Friday, February 12, 2016

Techie Rant: Mobile apps shouldn't override web browsers

Dear Facebook:

I would like to politely offer feedback on this "instant article" feature that you are so proud to have updated on my mobile device.

I don't want to have to read long articles in the Facebook mobile app.

I don't EVER want to have to read long articles in the Facebook mobile app.


No, seriously. I don't want you to waste another minute of your engineers' time trying to improve the in-app browser so that it makes the experience of reading an article marginally more tolerable. I just want to not bother with it at all.

Look, I have already picked the web browser I prefer to use in my Android. It happens to be the Chrome app. It works fine. If I decide Chrome isn't good enough, I have a ton of other free web browsers to choose from, they're right there on the Play Store. I want to read articles in the browser that I have chosen. Period.

A year or two ago, you introduced the "option" (turned on by default, thanks very much) to open every link from a wall post directly in the Facebook app. I immediately tracked down the method to turn this off, and I turned it off. Why? Because I don't want to read articles in the Facebook app.
I just checked my options, and "Links open externally" is still activated, which should mean I don't have to read articles in the Facebook app. Yet for some reason, when I tap articles from on select sites -- like Vox, or The New York Times -- you still won't take me to my browser like I asked you to.

Why do I hate reading web articles in the Facebook app? Let me count the ways.

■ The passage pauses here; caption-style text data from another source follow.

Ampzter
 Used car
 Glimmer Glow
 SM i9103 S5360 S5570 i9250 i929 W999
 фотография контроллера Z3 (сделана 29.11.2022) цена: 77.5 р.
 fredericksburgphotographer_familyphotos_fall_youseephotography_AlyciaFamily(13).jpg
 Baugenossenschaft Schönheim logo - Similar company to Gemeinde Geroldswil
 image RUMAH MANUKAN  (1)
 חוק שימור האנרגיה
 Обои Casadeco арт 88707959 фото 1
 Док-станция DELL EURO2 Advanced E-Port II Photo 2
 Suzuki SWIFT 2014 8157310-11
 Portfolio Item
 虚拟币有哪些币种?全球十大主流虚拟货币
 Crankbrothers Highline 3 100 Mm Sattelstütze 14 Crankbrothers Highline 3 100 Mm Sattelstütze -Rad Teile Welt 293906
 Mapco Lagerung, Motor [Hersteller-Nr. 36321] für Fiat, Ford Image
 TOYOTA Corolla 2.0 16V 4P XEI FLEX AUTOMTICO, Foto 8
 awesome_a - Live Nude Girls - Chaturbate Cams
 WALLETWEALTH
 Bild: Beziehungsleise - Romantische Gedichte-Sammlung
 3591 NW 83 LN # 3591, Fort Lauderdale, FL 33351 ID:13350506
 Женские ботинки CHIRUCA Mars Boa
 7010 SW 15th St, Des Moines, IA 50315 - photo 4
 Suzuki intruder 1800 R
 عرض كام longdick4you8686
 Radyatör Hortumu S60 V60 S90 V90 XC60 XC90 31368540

  • I can't bookmark them.
  • I can't open them in a separate tab.
  • I can't do anything else with the Facebook app, like browse recent comments on my posts, until I have finished reading that one article, or I will lose track of it forever, since your have no history function, and your search function is basically useless.
  • I can't copy the URL and put it in a blog post, or on Twitter, or anything else outside of Facebook.
  • I can't send the URL to anyone who doesn't use Facebook.
  • The web, and mobile phones, are technologies designed to allow many different applications to interact with one another seamlessly. Locking me into your app is a horrible anti-pattern.
Again... these aren't problems I want you to fix in your app. I just want you to let me use my own browser, which I have chosen myself because it is an app whose developers are 100% devoted to giving me a pleasant experience for reading articles on websites.

That's all I want to do. Now stop making me use "Instant Articles," and stop trying to convince me that they're what I've been asking for all along.